• Task requirements: Each line from the opening of the material through the line holding "You've joined me" needs to be returned exactly, with the pictures left out.

• Input data:
....

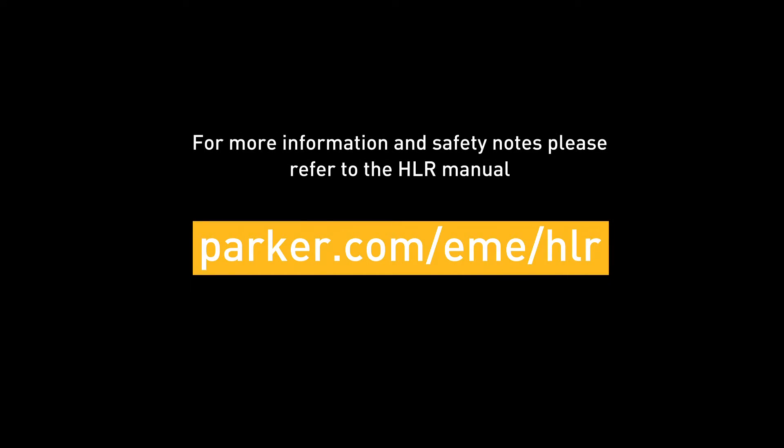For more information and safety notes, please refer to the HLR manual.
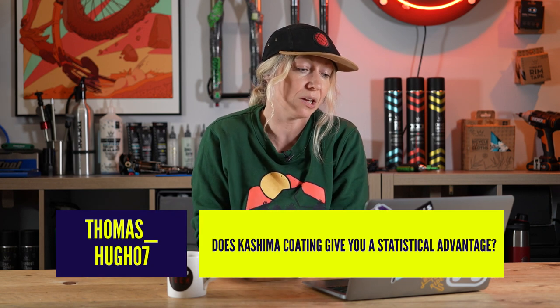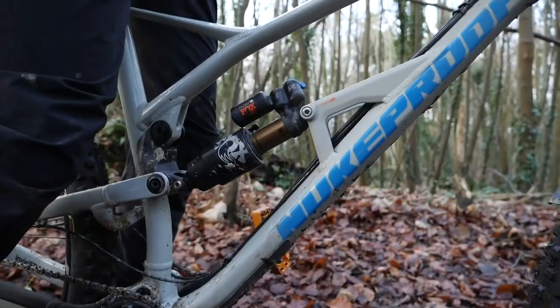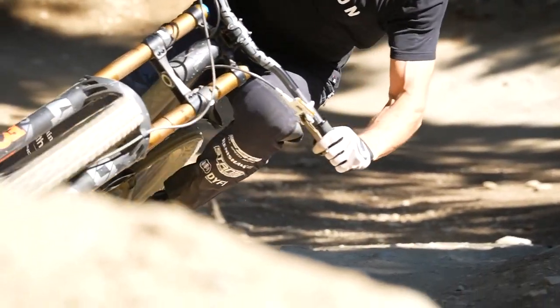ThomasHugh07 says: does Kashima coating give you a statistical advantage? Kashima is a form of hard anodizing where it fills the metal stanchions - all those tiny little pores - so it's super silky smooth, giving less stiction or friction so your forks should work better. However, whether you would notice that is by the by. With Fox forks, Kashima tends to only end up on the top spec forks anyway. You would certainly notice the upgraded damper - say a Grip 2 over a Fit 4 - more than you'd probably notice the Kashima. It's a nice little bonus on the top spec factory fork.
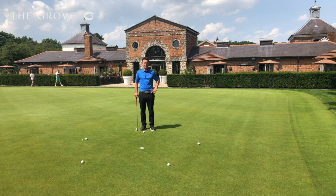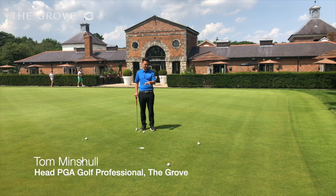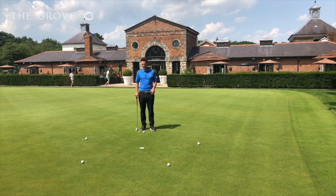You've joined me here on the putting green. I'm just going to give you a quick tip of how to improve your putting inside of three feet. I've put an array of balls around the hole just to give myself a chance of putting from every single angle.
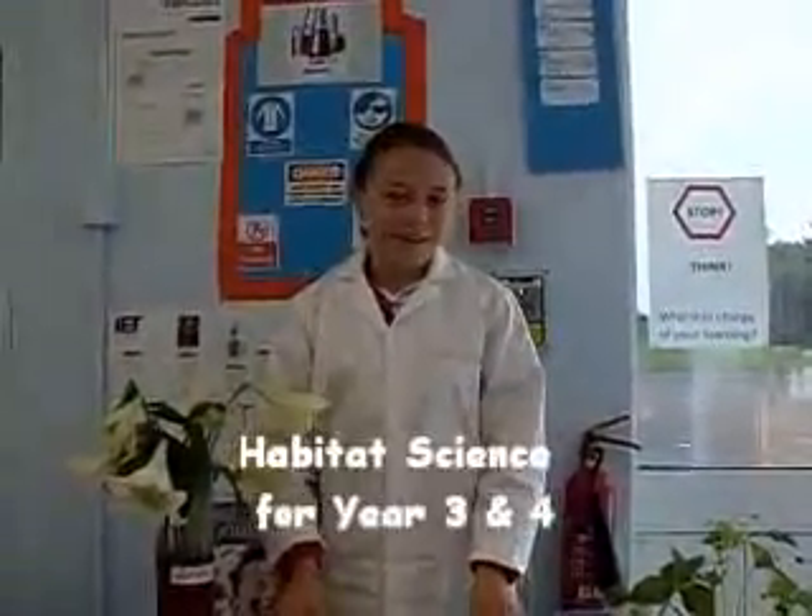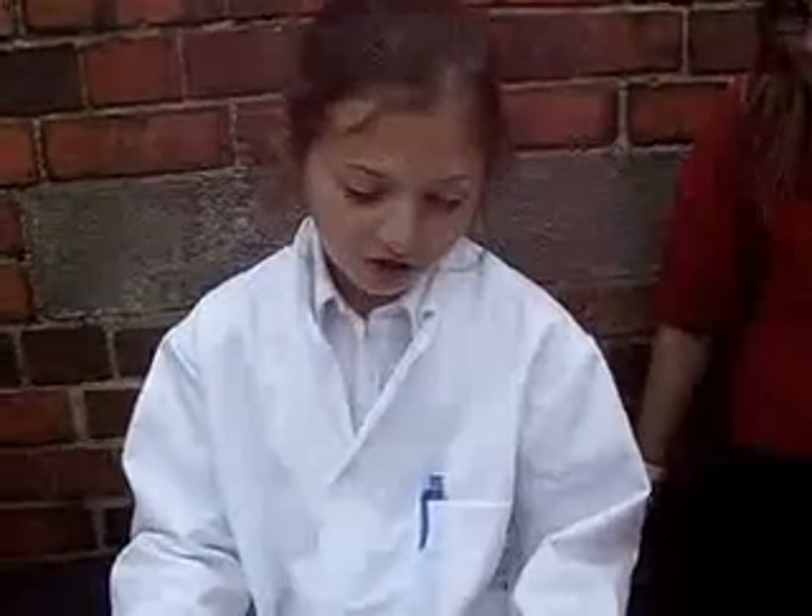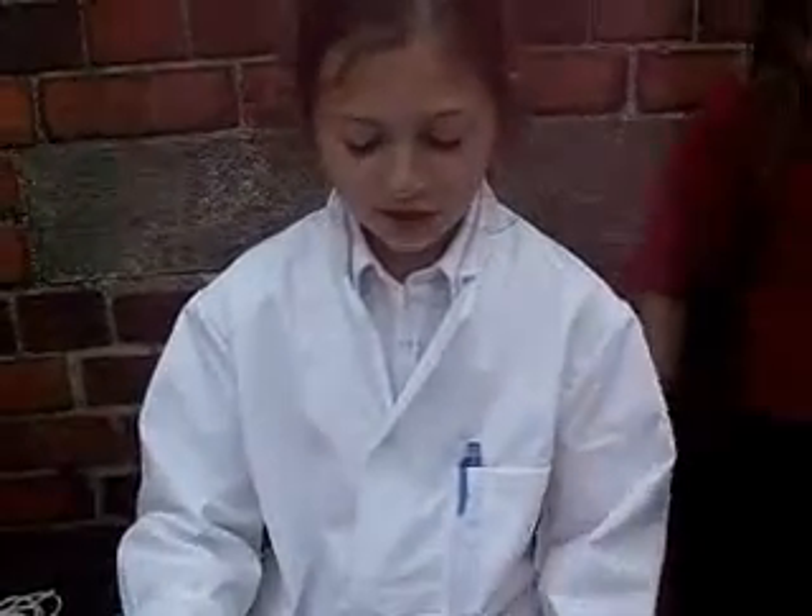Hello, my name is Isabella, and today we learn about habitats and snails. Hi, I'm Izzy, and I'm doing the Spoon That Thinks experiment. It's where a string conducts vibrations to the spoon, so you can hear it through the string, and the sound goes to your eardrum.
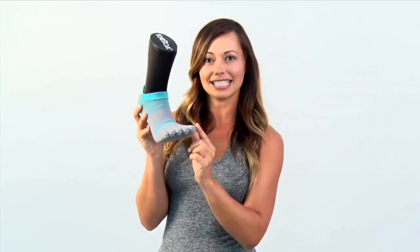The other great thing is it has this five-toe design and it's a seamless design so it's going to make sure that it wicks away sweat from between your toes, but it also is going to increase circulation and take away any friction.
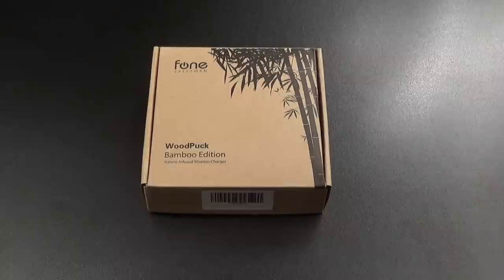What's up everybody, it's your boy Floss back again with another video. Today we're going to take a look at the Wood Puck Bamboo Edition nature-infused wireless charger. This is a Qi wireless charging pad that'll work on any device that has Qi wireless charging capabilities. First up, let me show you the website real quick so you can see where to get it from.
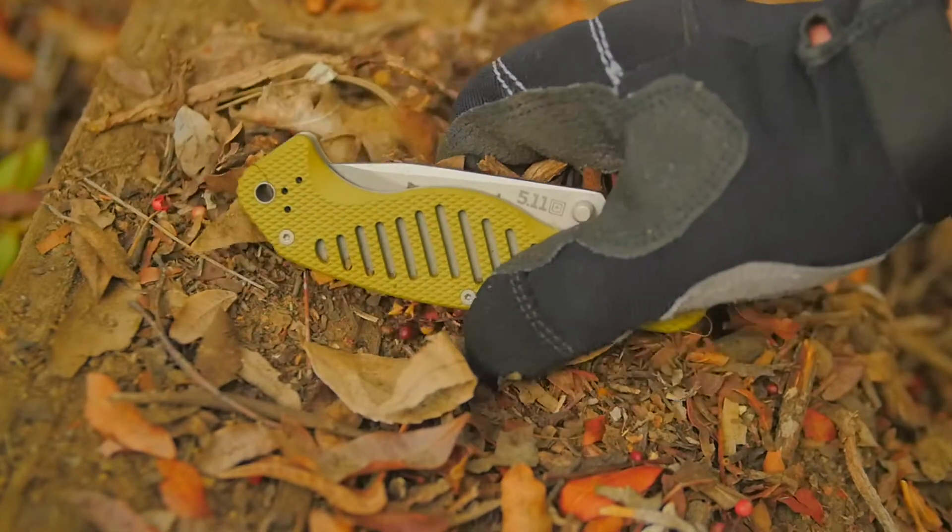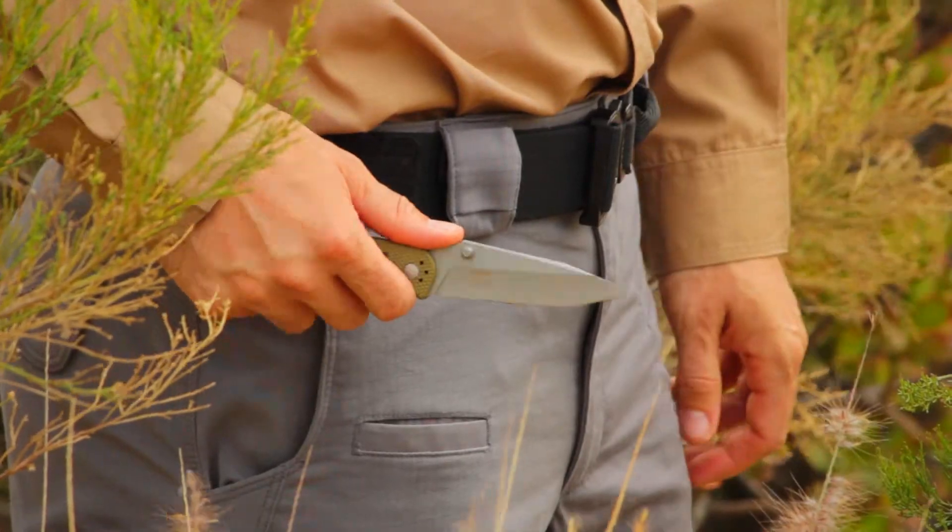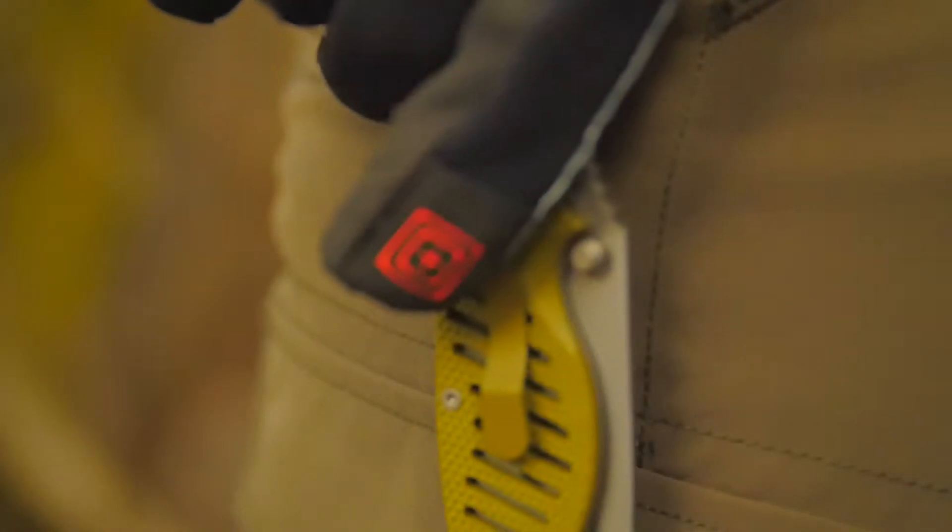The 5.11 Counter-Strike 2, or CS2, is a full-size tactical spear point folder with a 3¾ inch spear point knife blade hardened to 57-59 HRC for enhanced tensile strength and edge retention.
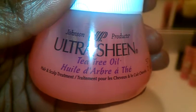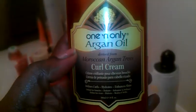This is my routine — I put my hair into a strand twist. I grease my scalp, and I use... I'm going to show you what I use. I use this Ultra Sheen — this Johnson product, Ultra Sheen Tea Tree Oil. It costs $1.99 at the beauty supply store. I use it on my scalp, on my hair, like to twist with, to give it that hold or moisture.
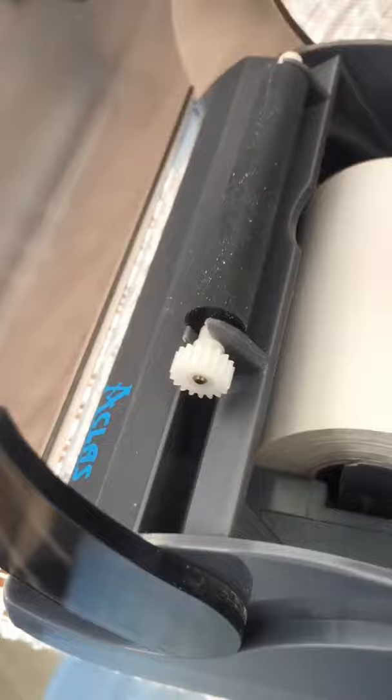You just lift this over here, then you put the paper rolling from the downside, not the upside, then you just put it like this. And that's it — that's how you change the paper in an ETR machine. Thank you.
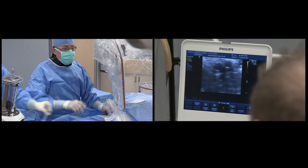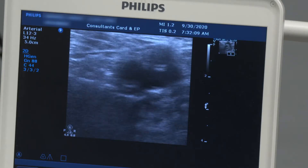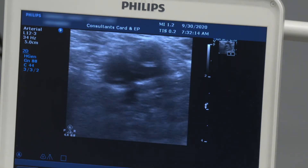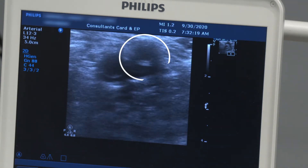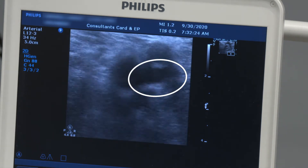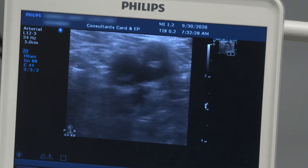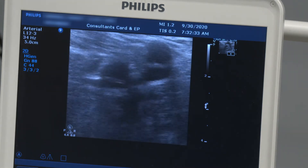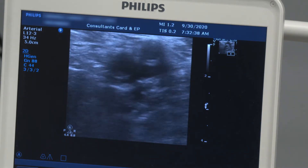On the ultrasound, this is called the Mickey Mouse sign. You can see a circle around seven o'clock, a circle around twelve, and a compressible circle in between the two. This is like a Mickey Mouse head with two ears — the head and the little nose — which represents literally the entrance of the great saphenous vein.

....

• Response area:
For more information and safety notes, please refer to the HLR manual.
ThomasHugh07 says: does Kashima coating give you a statistical advantage? Kashima is a form of hard anodizing where it fills the metal stanchions - all those tiny little pores - so it's super silky smooth, giving less stiction or friction so your forks should work better. However, whether you would notice that is by the by. With Fox forks, Kashima tends to only end up on the top spec forks anyway. You would certainly notice the upgraded damper - say a Grip 2 over a Fit 4 - more than you'd probably notice the Kashima. It's a nice little bonus on the top spec factory fork.
You've joined me here on the putting green. I'm just going to give you a quick tip of how to improve your putting inside of three feet. I've put an array of balls around the hole just to give myself a chance of putting from every single angle.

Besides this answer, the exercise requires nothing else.